--- Input data Enclosed Below ---

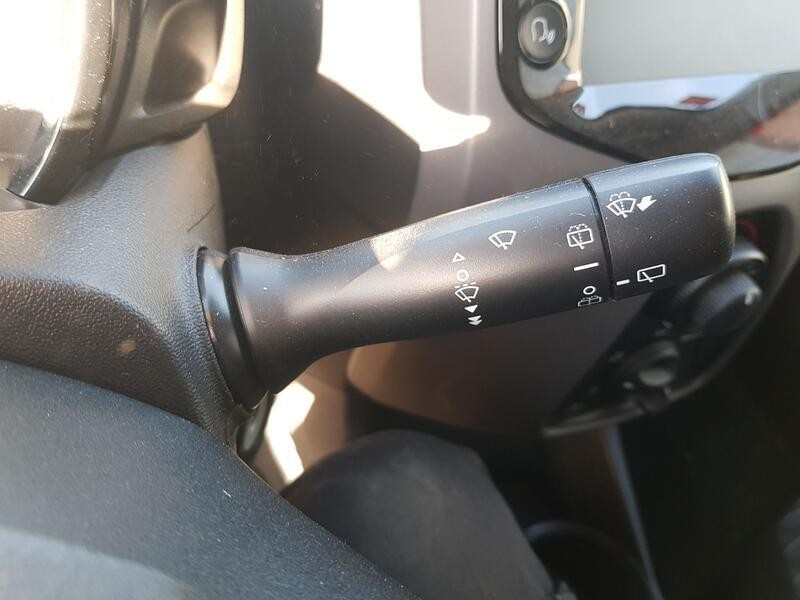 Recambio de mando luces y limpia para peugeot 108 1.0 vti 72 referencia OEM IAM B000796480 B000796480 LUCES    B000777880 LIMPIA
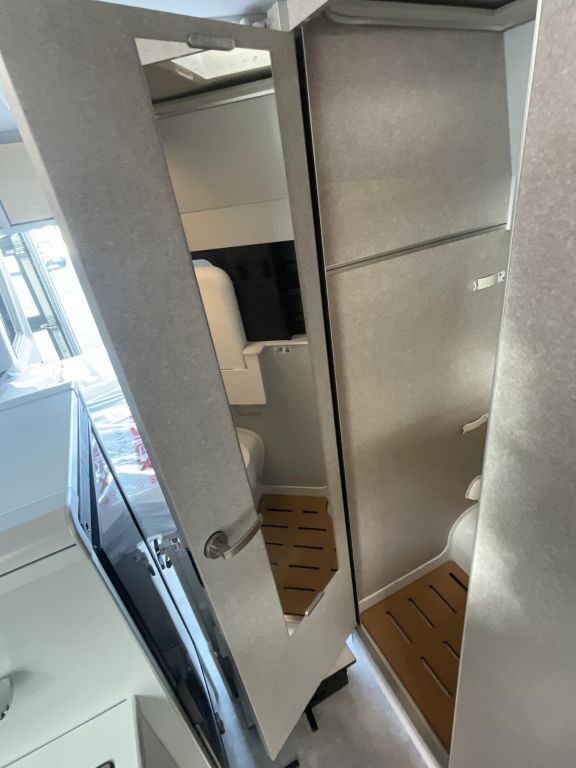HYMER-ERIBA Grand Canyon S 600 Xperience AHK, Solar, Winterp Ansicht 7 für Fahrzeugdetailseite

--- End of Enclosed Input data ---
--- Input data Enclosed Below ---

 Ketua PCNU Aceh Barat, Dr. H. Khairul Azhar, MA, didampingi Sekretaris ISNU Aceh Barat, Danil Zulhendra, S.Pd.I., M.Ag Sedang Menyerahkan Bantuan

--- End of Enclosed Input data ---

- Directions -
Keep to the lines above from the line with "Recambio de mando" to the line with "HYMER-ERIBA Grand Canyon", and set down exactly those, inclusive, with nothing else and every picture left out.

- Reply to the task -
 Recambio de mando luces y limpia para peugeot 108 1.0 vti 72 referencia OEM IAM B000796480 B000796480 LUCES    B000777880 LIMPIA
HYMER-ERIBA Grand Canyon S 600 Xperience AHK, Solar, Winterp Ansicht 7 für Fahrzeugdetailseite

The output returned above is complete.